Ok...I'm at my absolute wits end here. I will do my best to temper my frustration. 😀
Every Sunday, we have at least one thing happen with Proclaim in the middle of our service.
I have been in touch with customer support before and I was told the program was having issues accessing the video file and it was timing out. The CPU jumps all OVER the place during the service. Most Sundays we have to restart the program during practice because the program locks up. The only way we can do that is to stop the Proclaim processes in the system tray.
Unfortunately I am NOT the one running the program on Sundays...I'm the pastor of the church...but I'm also the "tech guy." 😀
We have an AMD quad-core machine running at about 3.2 ghz (if I remember correctly), a 1 GB memory card and 8 GB of RAM on board. Ultimately, we really shouldn't be having these kinds of issues. This is the third computer that we've put into service in an attempt to get Proclaim to work correctly. We've upgraded each time to where we are now and my computer guy is not sure where to go from here.
Can anyone offer help? We are getting to a point where it just needs to work.
15" Macbook Pro Unibody (Early 2016) 2.7 GHZ Quad Core, OSX Mojave, 16 GB LPDDR3 RAM, 512 GB SD
Hello Joshua,
Sorry to hear about the issues Proclaim is causing your church. It looks like your church has been using Proclaim for quite a while now.

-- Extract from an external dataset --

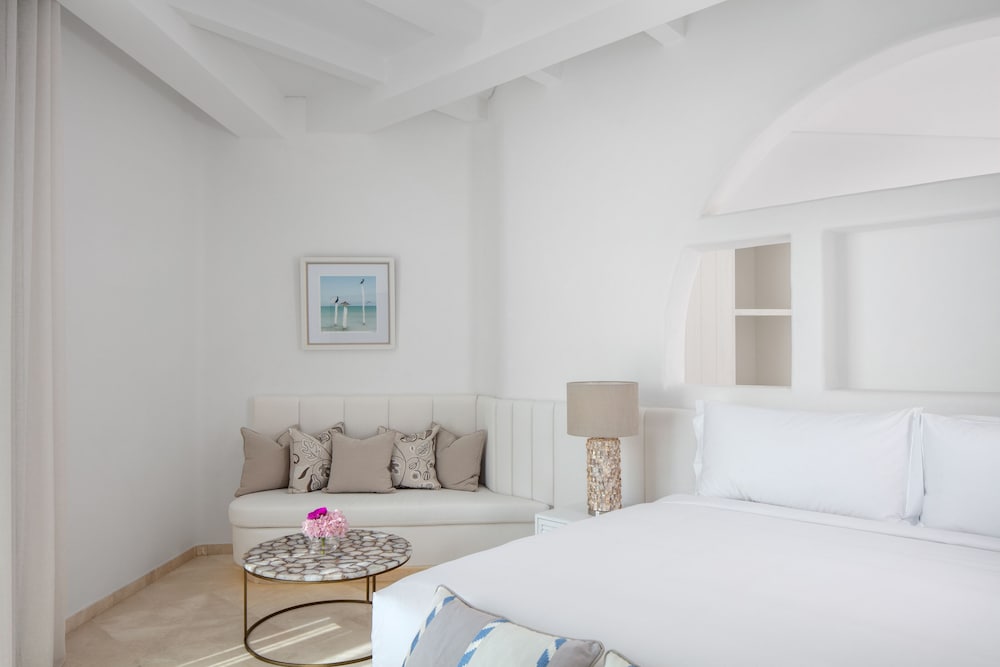 anantara santorini abu dhabi retreat adults only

Have these issues always been there? Is there anything unique about your cabling configuration (splitters, converters, etc.)?
Joshua Yates:I have been in touch with customer support before and I was told the program was having issues accessing the video file and it was timing out. The CPU jumps all OVER the place during the service. Most Sundays we have to restart the program during practice because the program locks up. The only way we can do that is to stop the Proclaim processes in the system tray.
What you're describing sounds like a memory leak, likely related to the video driver, exacerbated by video playback. The embedded Windows Media Player gets into a corrupted state and leaks memory, on top of failing to play the videos. It's an issue that affects some Windows systems but we haven't been able to isolate it to a specific video driver combination. Disabling hardware acceleration as described here almost always resolves the issue but can result in poor performance. Have you tried this? Some users have been able to install an updated driver from the manufacturer website and the issue goes away.
We're working on an alternative video playback method for Windows using DirectShow. I'd love to get a beta build running on your system and see what the results are.
In the meantime I recommend making sure your video drivers are up to date and if the issue persists try disabling hardware acceleration and see how the performance is. Please let me know how this goes, I really want to find a way to make this right for you.